La coordonnatrice du Partage Notre-Dame, Julie Rivet, veut sensibiliser les citoyens aux impacts qu'entraînent les vols des vêtements.

Des vols à répétition chez Partage Notre-Dame

« On se fait voler à tour de bras. On se fait briser notre bac, les gens forcent les portes. C'est bien décevant », déplore Julie Rivet, coordonnatrice du Partage Notre-Dame de Granby.
Des vols et des bris surviennent à répétition dans le conteneur métallique où les vêtements offerts par des citoyens sont déposés, rue Racine, à deux pas de leurs locaux. Une des deux portes du conteneur, celle qu'on ne voit pas de la rue St-Antoine, a souvent été endommagée. 
Des chaînes sont installées pour retenir la porte, qui devient une chute à linge où déposer les sacs de vêtements à offrir, quand on l'ouvre. Or, les chaînes sont constamment brisées, dit Mme Rivet. Des gens entrent également dans le conteneur, certains pour y dormir, et endommagent ainsi tout le système qui supporte la porte. 
Certains voleurs s'équipent même de perches pour récupérer les sacs de vêtements dans le conteneur sans s'y glisser. « Des fois je reçois des appels de personnes qui me disent que des gens magasinaient dans le bac. On retrouve aussi des sacs autour de l'immeuble », raconte la coordonnatrice de la ressource.

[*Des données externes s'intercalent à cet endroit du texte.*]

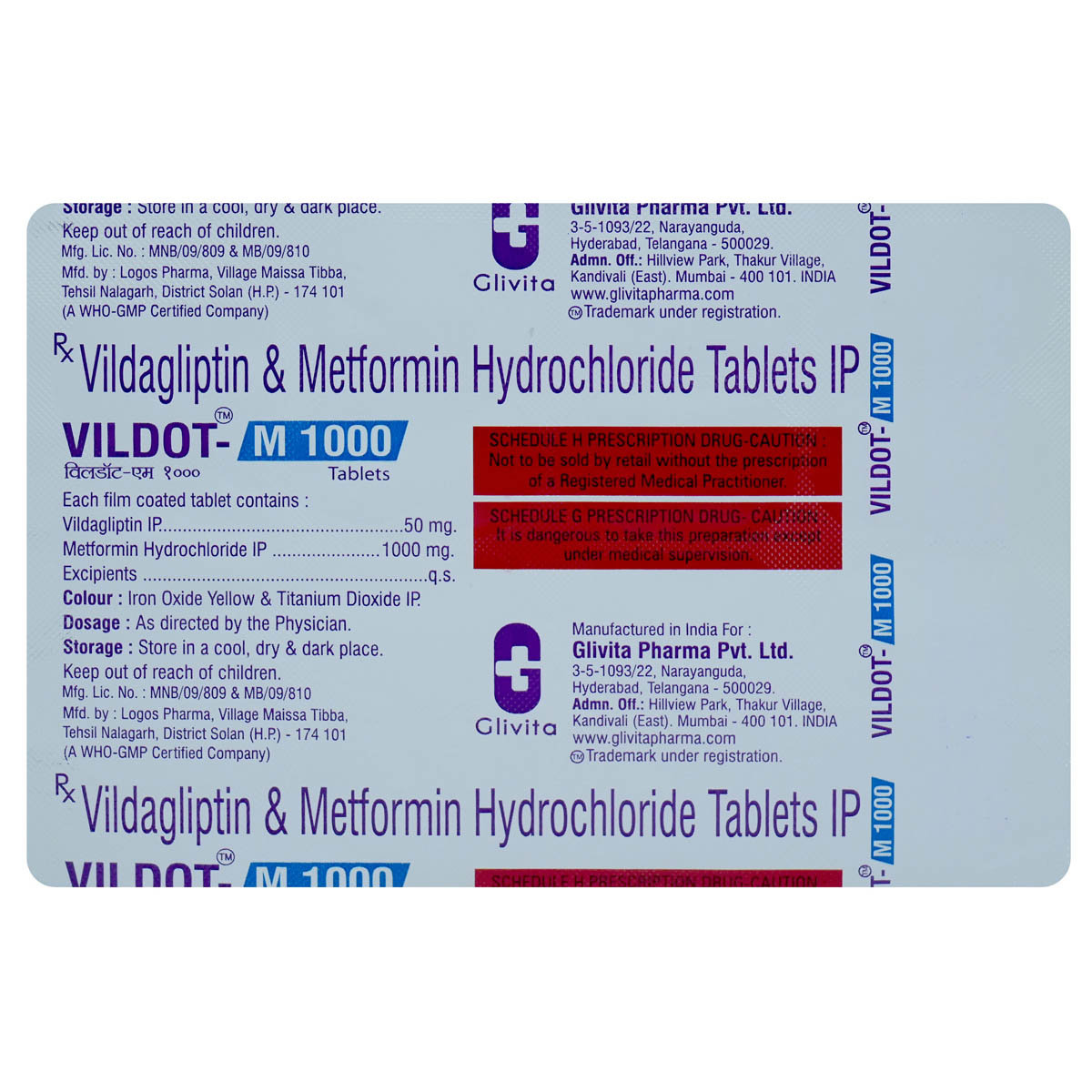 Vildot M 1000 Tablet 15's, Pack of 15 TABLETS Vildot M 1000 Tablet 15's, Pack of 15 TABLETS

Le bac situé dans le stationnement de la Cantine Itri, rue Reynolds à Granby, avait été épargné jusqu'à la semaine dernière où un bris a été constaté par un bénévole. 
Des revenus amputés 
Les vêtements qui sont donnés sont vendus à la friperie du Partage Notre-Dame. Les vols ont pour conséquence directe d'amputer leurs profits.
La vente de vêtements représente la principale source de revenus de l'organisme communautaire qui sert plus d'une centaine de repas à bas prix quotidiennement à des personnes dans le besoin. 
Les frais encourus pour réparer les chaînes et la porte représentent aussi des pertes pour l'organisme. La dernière facture, il y a un mois, se chiffrait à près de 500 $. Dans la dernière année, les coûts ont grimpé dans les quatre chiffres. « C'est des sommes qu'on ne met plus dans les services qu'on offre ici aux gens », explique Julie Rivet. 
Les vols et les bris perdurent depuis un an. Une période d'accalmie, l'automne dernier, a coïncidé avec l'interception de deux personnes par les policiers près du conteneur. « Une de nos bénévoles s'est stationnée près du Partage et a vu deux hommes aller fouiller dans le bac. Elle a appelé les policiers qui sont venus les intercepter. Ça a été tranquille un petit bout temps, mais ça a repris. »
Le Partage Notre-Dame a aussi informé sur Facebook les citoyens de la situation en sollicitant leur collaboration dans l'espoir que les vols cessent. « On veut sensibiliser les gens, leur demander d'ouvrir l'oeil, dit la coordonnatrice. Si des gens ont des informations, ils peuvent nous les communiquer ou appeler le service de police. »
Des plans sont à l'étude pour installer des caméras de surveillance, fait savoir Mme Rivet. Le Service de police de Granby sera également avisé des derniers vols et bris.